Internal and external regulators both work to determine the length of time from one cell division to the next. This interval is called the cell cycle. Cells must divide because, if they grow too large, they cannot move wastes or nutrients through the cell membrane. The cell membrane separates the interior of the cell from its outer environment. All cells have a cell membrane.
Every cell must divide, but division costs energy and introduces the opportunity for error. For example, each cell must fully replicate, or copy, its DNA before division can begin. DNA, or deoxyribonucleic acid, contains the genetic information that will allow the two new “daughter” cells that form from the single “mother” cell to operate and grow. Each cell has built-in regulators to reduce the capacity for mistakes as far as possible and to prevent uncontrolled growth.

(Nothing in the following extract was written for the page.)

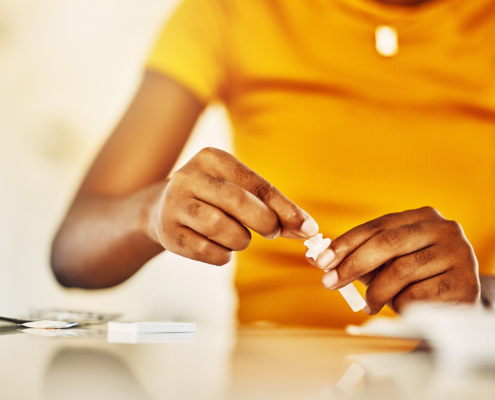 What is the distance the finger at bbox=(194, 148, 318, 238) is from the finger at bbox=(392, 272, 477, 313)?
16 cm

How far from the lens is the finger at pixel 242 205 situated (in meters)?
0.41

Internal regulators are proteins that react to changes within a cell. For example: The fact that a normal cell will not enter mitosis until its entire DNA has been replicated is regulated by a protein within the cell. This protein is an internal regulator. Mitosis is the biological term for the division of a mother cell into two daughter cells. A second internal regulator, also a protein, makes certain that the newly formed copy of the original cell’s DNA is complete and properly attached before the two versions begin to move to opposite sides of the cell.
External regulators are also proteins, but they react to stimuli from outside the cell. They direct cells to either speed or slow the cell cycle based upon outside conditions. For example, one protein reacts to molecules on the outside of a neighboring cell. This helps make certain that cells stop dividing when overcrowded. This explains why, in a petri dish, cells will continue to grow and divide only until they have formed a thin layer along the bottom.
Differences and Importance
The key difference, then, between internal regulators and external regulators is that internal regulators react to stimuli from within the cell and external regulators react to stimuli from outside the cell. Without these regulators, cell growth would be haphazard and dangerous. In fact, many human maladies are caused by interference in this process. Cancer cells, for example, lack these inhibitions. They do not stop dividing when overcrowded, but rather form masses of tissue that invade nearby organs, impairing their functions. Smoking, exposure to radiation and some viruses can also interfere with the regulatory process.